Aim of the exercise ->
Everything from the opening line of the records below through the line with "Armoire TV Style" must be duplicated exactly, pictures left out.

Input ->
--- --- ---

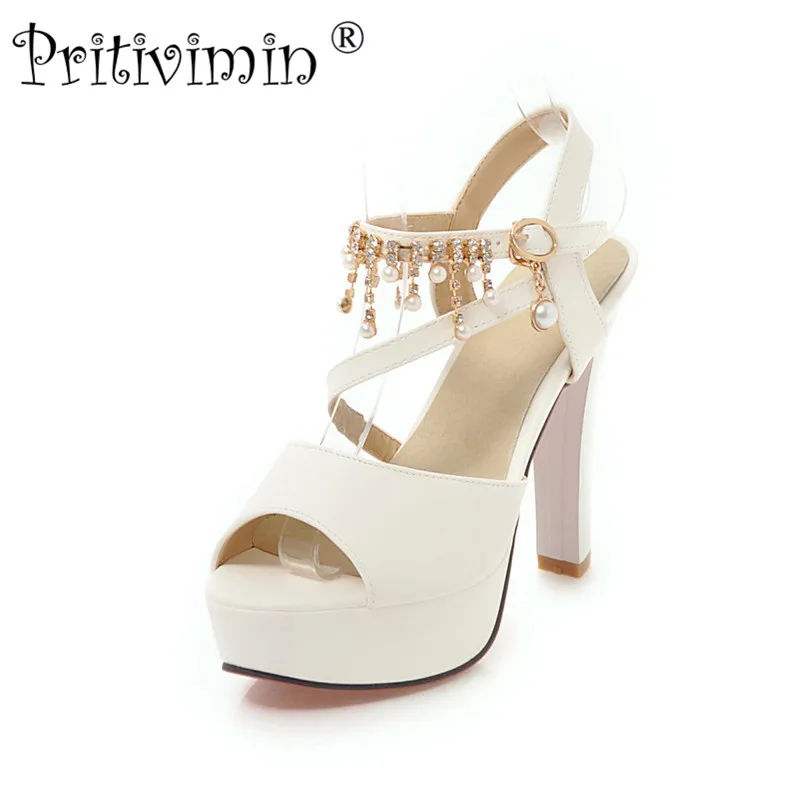 Pritivimin FN181 summer sandals laidies string bead beep toe t-strap thick heels wedding fashion shoes big size 32~46 | Обувь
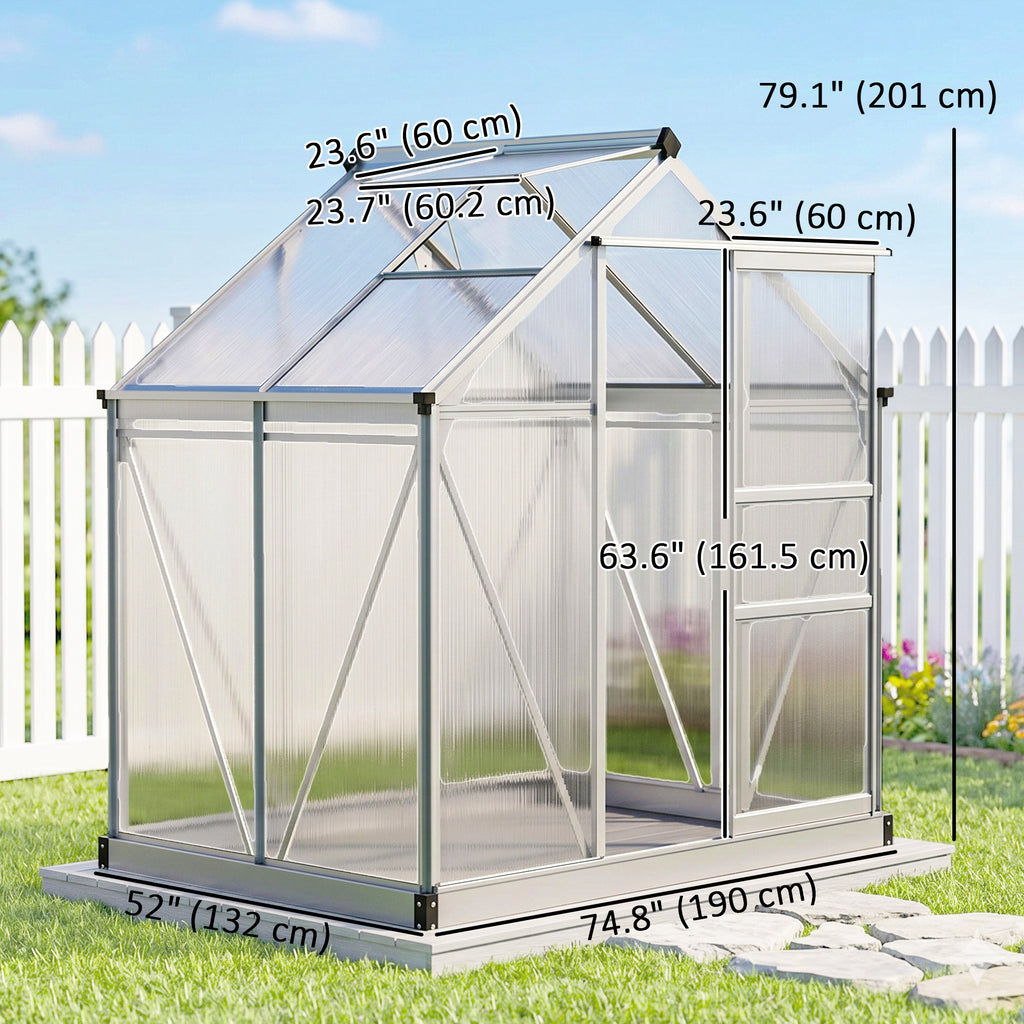 6' x 4' x 6.6' Polycarbonate Greenhouse, Walk-In Green House Kit Garden, Plants Grow, Galvanized Sheet Aluminum Frame with Rain Gutter, Vent and Sliding Door, Silver
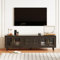 Armoire TV Style Rétro, Meuble TV 4 Porte en Verre, 2 Tiroirs, Meubles de Salon Elégant, Noir, 175x38x55.5cm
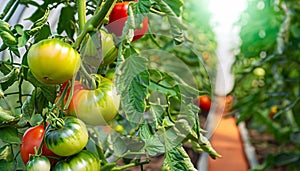 Ripe red and green tomatoes growing on a branch in a greenhouse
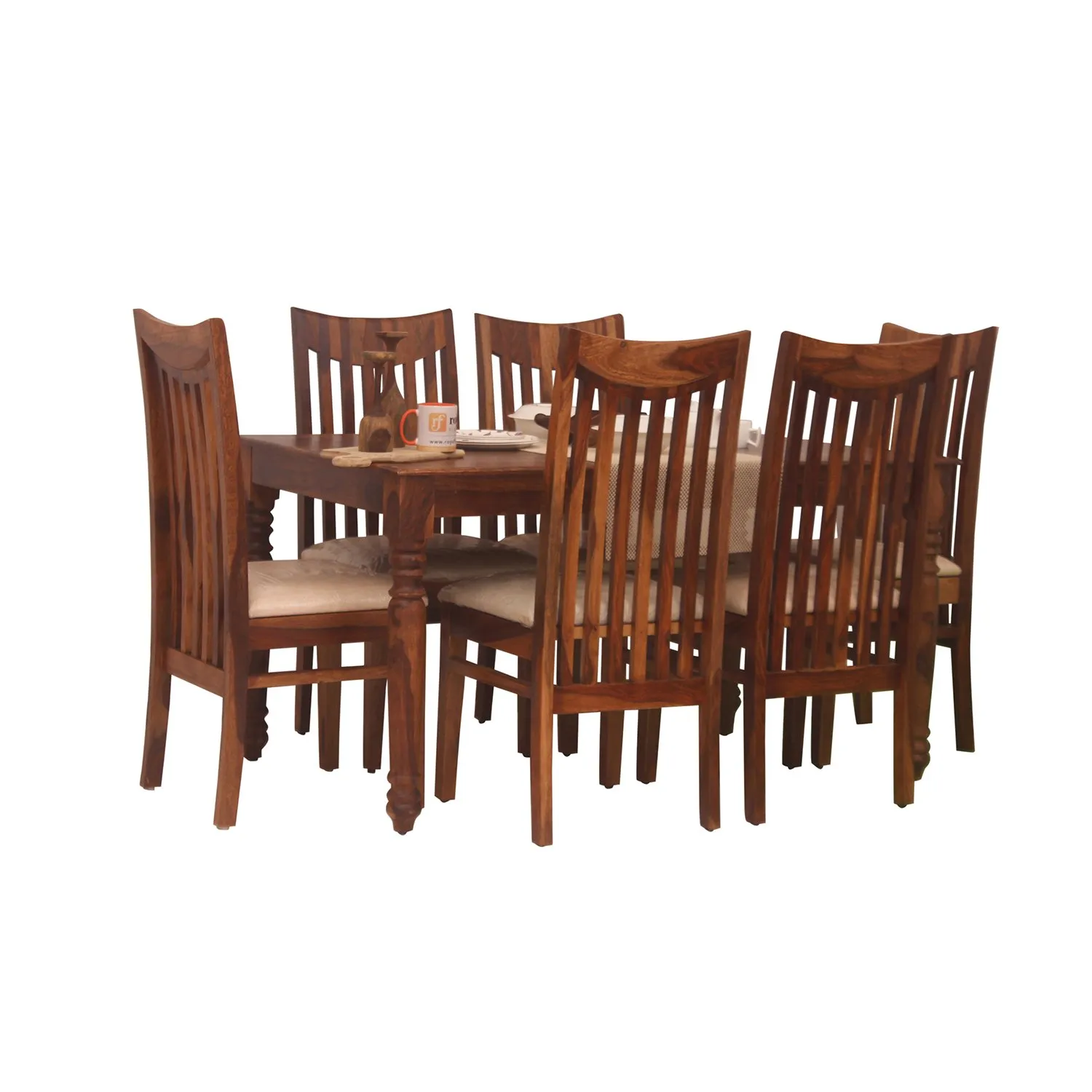 Royal Finish Neo Wingo 6 Seater Dining Set in Natural Colour in Sheesham Wood sheesham dining table image 5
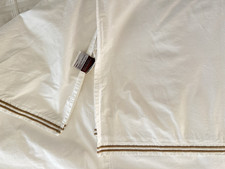 HUDSON PARK Dust Ruffle King BEDSKIRT White Mocha ITALY 100% Egyptian COTTON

--- --- ---

Answer box ->
 Pritivimin FN181 summer sandals laidies string bead beep toe t-strap thick heels wedding fashion shoes big size 32~46 | Обувь
 6' x 4' x 6.6' Polycarbonate Greenhouse, Walk-In Green House Kit Garden, Plants Grow, Galvanized Sheet Aluminum Frame with Rain Gutter, Vent and Sliding Door, Silver
 Armoire TV Style Rétro, Meuble TV 4 Porte en Verre, 2 Tiroirs, Meubles de Salon Elégant, Noir, 175x38x55.5cm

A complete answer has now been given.